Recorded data
BEGIN
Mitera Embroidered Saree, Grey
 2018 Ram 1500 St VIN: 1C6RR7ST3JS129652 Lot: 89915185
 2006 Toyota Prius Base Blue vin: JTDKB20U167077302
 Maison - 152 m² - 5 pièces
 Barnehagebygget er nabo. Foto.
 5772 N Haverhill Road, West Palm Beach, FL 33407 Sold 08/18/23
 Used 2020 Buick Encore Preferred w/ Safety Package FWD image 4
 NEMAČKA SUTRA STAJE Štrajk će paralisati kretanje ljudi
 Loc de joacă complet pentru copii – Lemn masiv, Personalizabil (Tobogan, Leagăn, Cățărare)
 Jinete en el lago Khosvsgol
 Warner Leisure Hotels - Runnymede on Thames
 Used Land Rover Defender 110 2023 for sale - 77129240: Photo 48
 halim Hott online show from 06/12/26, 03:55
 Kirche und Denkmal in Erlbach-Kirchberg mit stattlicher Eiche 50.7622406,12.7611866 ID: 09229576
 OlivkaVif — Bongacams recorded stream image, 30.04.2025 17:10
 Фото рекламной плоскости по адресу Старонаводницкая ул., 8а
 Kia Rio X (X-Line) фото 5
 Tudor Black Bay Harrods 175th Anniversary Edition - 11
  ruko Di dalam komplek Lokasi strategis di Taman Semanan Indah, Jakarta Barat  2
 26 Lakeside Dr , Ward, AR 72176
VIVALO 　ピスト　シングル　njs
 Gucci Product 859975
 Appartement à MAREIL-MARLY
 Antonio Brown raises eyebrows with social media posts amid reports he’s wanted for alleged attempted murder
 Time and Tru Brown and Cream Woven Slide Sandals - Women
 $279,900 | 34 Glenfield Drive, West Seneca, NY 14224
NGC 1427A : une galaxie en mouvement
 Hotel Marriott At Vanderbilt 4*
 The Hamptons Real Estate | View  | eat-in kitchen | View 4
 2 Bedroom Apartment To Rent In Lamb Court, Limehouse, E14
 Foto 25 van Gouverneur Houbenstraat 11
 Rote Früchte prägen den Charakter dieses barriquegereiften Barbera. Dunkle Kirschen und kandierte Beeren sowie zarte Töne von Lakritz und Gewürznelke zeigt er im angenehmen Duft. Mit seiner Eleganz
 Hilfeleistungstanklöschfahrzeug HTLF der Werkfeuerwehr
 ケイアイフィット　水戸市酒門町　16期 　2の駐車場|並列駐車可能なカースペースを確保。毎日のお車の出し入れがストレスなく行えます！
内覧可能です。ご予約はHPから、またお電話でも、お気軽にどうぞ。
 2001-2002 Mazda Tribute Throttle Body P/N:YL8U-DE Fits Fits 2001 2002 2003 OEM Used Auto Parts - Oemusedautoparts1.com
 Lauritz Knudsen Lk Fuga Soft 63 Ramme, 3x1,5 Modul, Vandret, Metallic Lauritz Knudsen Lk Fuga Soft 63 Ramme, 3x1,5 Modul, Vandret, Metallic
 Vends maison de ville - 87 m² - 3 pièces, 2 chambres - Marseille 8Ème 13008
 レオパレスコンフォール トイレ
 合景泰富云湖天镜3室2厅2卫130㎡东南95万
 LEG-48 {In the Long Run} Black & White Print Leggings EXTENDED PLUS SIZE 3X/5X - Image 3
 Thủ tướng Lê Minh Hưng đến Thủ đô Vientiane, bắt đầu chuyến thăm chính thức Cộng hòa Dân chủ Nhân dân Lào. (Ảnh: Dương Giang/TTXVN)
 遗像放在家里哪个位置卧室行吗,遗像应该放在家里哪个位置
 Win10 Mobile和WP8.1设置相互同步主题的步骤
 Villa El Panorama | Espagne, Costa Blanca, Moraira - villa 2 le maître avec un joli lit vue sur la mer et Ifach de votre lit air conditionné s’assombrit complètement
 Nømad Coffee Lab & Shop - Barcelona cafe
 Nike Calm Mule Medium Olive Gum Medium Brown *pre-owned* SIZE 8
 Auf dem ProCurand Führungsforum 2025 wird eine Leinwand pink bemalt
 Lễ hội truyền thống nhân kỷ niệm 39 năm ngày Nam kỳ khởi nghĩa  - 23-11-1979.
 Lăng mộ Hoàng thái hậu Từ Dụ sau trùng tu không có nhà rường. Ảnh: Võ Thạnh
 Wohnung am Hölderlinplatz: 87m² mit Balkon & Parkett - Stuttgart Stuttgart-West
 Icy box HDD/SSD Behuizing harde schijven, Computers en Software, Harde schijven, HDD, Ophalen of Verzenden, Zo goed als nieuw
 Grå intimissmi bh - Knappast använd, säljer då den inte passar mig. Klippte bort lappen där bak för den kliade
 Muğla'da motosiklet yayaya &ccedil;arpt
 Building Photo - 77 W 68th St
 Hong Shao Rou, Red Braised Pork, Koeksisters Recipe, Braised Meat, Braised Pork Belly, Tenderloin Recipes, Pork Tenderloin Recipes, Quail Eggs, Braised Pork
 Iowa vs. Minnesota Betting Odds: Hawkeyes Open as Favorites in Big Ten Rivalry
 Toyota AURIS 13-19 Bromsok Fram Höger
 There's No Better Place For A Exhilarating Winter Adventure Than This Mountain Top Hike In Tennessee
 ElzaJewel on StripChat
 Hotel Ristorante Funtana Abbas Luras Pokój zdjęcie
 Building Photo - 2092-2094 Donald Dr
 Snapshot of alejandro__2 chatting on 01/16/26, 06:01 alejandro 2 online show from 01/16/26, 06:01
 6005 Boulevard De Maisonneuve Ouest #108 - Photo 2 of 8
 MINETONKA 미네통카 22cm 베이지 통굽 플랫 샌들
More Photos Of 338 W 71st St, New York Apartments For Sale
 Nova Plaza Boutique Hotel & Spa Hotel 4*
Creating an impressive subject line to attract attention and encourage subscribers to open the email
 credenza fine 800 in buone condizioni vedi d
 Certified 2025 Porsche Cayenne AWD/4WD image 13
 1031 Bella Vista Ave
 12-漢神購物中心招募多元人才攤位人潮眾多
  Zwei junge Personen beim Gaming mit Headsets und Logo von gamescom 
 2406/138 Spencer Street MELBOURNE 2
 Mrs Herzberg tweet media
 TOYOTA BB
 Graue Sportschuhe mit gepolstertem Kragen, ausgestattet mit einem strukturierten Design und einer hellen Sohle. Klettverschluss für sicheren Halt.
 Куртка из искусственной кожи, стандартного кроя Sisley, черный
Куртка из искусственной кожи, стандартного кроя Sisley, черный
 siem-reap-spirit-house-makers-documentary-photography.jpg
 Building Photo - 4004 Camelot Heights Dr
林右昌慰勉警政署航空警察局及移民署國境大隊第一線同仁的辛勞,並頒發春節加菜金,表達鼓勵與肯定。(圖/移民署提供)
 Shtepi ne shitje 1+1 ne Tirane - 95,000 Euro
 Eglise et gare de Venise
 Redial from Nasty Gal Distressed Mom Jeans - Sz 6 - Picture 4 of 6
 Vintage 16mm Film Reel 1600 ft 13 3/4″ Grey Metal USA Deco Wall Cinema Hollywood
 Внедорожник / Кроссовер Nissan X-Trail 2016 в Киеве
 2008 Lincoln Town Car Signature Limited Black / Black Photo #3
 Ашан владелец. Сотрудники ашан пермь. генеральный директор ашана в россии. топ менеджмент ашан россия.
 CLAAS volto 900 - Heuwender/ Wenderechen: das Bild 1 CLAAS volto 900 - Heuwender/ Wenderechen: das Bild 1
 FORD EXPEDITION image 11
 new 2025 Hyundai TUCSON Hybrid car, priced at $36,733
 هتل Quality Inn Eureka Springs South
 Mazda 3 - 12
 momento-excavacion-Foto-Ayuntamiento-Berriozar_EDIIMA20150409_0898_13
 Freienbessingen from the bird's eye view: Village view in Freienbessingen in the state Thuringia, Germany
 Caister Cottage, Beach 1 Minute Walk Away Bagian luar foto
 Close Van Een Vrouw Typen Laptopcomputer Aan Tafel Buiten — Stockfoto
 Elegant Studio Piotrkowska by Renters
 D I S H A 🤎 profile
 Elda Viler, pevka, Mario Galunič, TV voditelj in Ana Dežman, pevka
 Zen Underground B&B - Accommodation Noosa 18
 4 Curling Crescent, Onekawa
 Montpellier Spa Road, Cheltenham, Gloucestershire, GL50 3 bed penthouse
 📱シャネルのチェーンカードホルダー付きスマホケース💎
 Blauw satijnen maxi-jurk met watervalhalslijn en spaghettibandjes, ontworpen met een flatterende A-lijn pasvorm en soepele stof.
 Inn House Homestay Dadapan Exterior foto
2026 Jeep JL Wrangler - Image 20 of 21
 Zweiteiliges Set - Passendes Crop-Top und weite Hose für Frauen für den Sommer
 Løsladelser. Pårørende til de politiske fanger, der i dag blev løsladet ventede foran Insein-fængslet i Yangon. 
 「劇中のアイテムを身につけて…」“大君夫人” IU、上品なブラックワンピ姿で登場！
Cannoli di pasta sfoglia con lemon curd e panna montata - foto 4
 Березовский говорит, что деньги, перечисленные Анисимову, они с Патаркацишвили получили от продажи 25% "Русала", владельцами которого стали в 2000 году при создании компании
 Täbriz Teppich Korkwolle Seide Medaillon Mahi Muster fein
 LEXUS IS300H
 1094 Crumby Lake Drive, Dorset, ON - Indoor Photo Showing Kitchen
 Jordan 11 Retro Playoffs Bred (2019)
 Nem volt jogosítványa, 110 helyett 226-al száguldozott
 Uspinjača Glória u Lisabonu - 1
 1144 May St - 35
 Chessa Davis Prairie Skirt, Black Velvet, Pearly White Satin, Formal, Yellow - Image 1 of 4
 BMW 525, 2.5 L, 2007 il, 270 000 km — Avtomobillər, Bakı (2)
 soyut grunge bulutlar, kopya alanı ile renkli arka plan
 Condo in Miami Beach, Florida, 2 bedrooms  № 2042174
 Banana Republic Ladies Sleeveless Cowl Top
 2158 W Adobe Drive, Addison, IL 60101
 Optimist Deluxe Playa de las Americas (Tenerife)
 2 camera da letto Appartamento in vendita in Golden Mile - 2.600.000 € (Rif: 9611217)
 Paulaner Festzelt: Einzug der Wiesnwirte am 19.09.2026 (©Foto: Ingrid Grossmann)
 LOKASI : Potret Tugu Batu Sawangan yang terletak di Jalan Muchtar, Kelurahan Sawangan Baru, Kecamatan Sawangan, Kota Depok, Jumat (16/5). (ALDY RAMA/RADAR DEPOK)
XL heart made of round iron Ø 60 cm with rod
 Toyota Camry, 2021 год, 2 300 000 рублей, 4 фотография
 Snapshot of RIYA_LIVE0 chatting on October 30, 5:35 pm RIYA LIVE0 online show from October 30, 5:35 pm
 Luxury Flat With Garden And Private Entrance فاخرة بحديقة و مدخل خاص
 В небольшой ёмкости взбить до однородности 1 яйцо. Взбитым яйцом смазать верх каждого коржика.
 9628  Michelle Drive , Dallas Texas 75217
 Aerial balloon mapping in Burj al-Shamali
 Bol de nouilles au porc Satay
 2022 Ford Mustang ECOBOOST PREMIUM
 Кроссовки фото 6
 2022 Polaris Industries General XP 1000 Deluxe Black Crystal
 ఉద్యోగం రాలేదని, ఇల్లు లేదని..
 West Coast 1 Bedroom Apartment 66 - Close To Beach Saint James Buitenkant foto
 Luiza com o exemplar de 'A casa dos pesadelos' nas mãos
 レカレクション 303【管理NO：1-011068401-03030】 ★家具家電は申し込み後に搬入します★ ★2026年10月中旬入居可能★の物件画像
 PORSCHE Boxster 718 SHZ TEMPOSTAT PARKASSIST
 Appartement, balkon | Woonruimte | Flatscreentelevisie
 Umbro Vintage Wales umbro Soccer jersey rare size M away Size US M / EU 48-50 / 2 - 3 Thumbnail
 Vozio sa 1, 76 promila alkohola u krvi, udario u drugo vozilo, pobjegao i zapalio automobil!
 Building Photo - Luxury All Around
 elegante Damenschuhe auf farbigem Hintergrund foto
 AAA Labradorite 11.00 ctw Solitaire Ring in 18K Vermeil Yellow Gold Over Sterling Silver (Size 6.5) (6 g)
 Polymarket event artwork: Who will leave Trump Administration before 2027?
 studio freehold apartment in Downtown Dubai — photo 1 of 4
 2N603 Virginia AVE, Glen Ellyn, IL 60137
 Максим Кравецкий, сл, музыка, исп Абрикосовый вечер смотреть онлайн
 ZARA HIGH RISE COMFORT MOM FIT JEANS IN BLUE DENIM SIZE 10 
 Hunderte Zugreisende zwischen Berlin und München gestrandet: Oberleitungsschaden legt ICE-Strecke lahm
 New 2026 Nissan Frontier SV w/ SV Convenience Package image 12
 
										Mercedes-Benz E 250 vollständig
END
▸ What the task asks:
The response must hold only the lines above from the line with "Building Photo - 4004 Camelot Heights Dr" through the line with "Ашан владелец. Сотрудники", each copied exactly, both ends kept.

▸ Reply:
 Building Photo - 4004 Camelot Heights Dr
林右昌慰勉警政署航空警察局及移民署國境大隊第一線同仁的辛勞,並頒發春節加菜金,表達鼓勵與肯定。(圖/移民署提供)
 Shtepi ne shitje 1+1 ne Tirane - 95,000 Euro
 Eglise et gare de Venise
 Redial from Nasty Gal Distressed Mom Jeans - Sz 6 - Picture 4 of 6
 Vintage 16mm Film Reel 1600 ft 13 3/4″ Grey Metal USA Deco Wall Cinema Hollywood
 Внедорожник / Кроссовер Nissan X-Trail 2016 в Киеве
 2008 Lincoln Town Car Signature Limited Black / Black Photo #3
 Ашан владелец. Сотрудники ашан пермь. генеральный директор ашана в россии. топ менеджмент ашан россия.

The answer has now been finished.